Sumując. Do łgarstw i łajdactw należy podejść w miarę spokojnie odwołując się do – jednak wciąż i to oficjalnie podawanej prawdy o rzeczywistości. Grochem o ścianę – nieważne – ważne, by to było mówione i nawet sporym nakładem środków egzekwowane prawnie tak, jak to jest możliwe. Niemożliwe? W końcu przecież któraś redakcja pójdzie z torbami, jakiś za przeproszeniem krypto bloger poniesie konsekwencje. Wcześniej czy później, ale ufam – to nastąpi. Czyż bowiem można wywodzić, iż oto przez Warszawę przeszło 250 tys a nawet jak niektórzy mówią znacznie więcej, ludzi z dziećmi, a całość była zakończona piękną oprawą muzyczną i pokazem ogni sztucznych – i to był marsz faszystów? Zestawiać to można z obrazkami z niemieckich obchodów rocznicy śmierci zbrodniarza. Przypominajmy– faszyści to była baza ideologiczna Niemców – tak, tych, których potomkowie mają czelność zabierać głos w sprawie reformy sądownictwa (zresztą na system zbliżony zresztą do tego, który u nich obowiązuje) i pouczać o praworządności i wolności słowa – gdy to u nich gwałty emigrantów są tematem tabu a cenzura jest realnością. Instrukcja niemieckiego wydawcy dla polskiej prasy, której jest właścicielem mówi wszystko. Pozostała jakoś bez oficjalnej reakcji pomimo tego, że godziła w polską rację stanu co można wywodzić – bezpieczeństwo = bo stabilność Państwa. To tylko jeden przykład.
Dodajmy pytanie– co robią i jak są celowo finansowane tzw NGO zajmujące się obroną wizerunku Polski i prawdy historycznej.
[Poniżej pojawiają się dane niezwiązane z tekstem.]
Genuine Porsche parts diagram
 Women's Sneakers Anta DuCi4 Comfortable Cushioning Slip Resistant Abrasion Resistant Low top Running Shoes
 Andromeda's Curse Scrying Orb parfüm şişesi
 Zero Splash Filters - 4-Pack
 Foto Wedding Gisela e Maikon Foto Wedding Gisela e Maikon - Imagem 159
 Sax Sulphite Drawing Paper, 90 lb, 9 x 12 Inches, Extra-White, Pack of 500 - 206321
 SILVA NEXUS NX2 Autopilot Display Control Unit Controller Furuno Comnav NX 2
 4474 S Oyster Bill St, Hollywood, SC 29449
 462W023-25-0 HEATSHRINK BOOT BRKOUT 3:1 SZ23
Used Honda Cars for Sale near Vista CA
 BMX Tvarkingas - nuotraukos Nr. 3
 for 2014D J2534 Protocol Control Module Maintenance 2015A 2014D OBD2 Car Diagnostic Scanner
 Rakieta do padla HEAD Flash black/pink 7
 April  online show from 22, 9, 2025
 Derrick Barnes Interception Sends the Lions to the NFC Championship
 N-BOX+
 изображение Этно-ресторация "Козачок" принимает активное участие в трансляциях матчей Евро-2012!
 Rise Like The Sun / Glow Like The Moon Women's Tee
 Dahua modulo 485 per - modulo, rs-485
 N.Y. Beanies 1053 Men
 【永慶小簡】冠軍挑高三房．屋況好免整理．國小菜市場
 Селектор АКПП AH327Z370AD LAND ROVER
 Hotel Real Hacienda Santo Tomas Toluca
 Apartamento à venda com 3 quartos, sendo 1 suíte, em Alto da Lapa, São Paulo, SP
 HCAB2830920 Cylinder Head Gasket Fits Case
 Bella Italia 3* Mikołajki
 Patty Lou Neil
Jak dla mnie w tym świetle wielkim niestety, choć rozumiem, że w jakimś sensie wymuszonym = zaniechaniem było też nie postawienie przed Trybunałem Stanu tych wszystkich, którzy pozbawili nas ważnych sektorów gospodarki i własnych pluralistycznych mediów. Wiem, że byłoby to co najmniej trudne. Niemniej zdumiewają takie rzeczy jak na przykład grzeczna i uległa rozmowa z Komisją Europejską działającą ewidentnie pozatraktatowo, co powinna usłyszeć na wstępie po uroczystym jej przyjęciu na jakimś raucie Dalej - poważne traktowanie bez silnych reakcji dyplomatycznych. antypolskich wyskoków urzędników UE - nawet nie mających mandatu społecznego ze swych krajów członkowskich, czy pozostawienie generała związanego z WSI a odsunięcie ministra A, Macierewicza, nie postawienie przed Sądem itd. A stanął któryś z nietykalnych?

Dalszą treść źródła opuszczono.